EXERCISE:
Return the whole listing exactly, omitting the pictures.

DATASET SECTION:
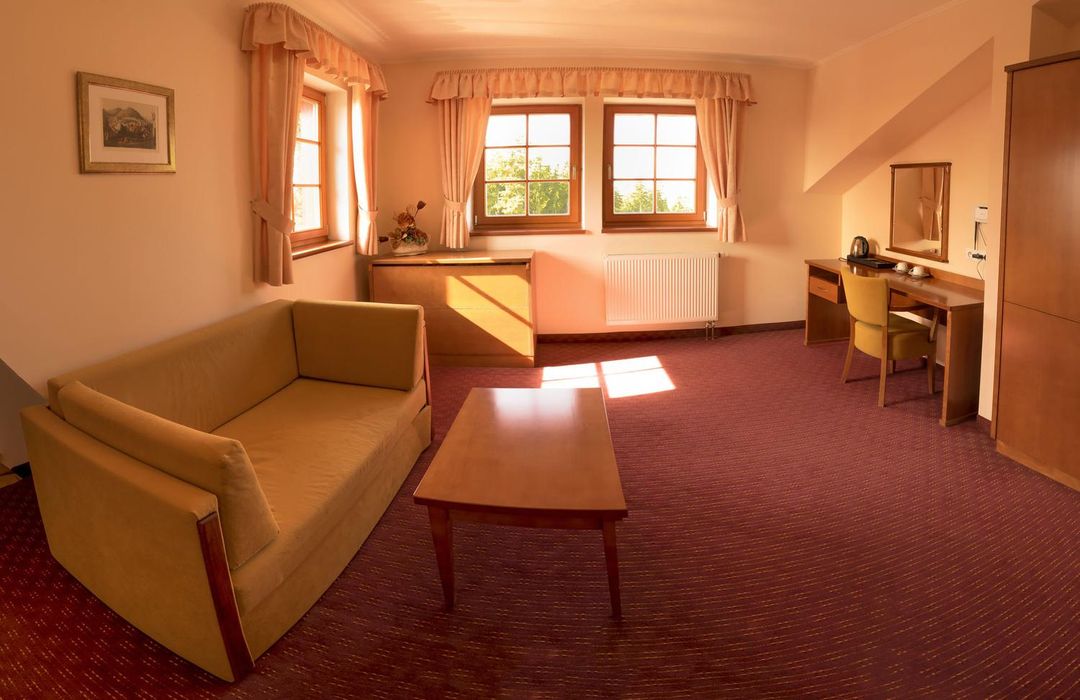 威特庫瓦山酒店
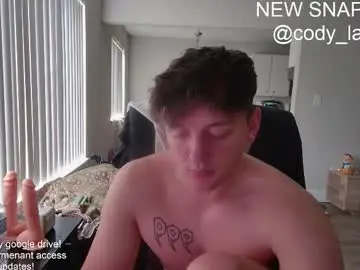 Chaturbate Live Sex of sexylax69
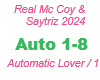 Real Mc Coy / Automatic
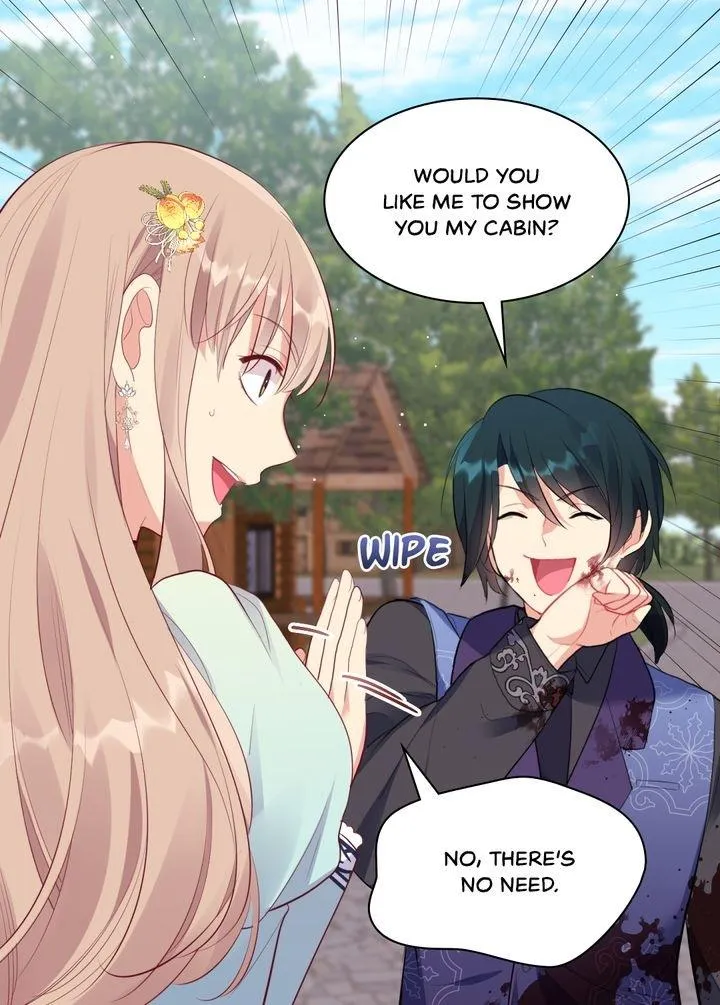 Daisy - How to Become the Duke's Fiancée Chapter 65 Online - página 7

RESULT FOR THIS EXERCISE:
 威特庫瓦山酒店
 Chaturbate Live Sex of sexylax69
 Real Mc Coy / Automatic
 Daisy - How to Become the Duke's Fiancée Chapter 65 Online - página 7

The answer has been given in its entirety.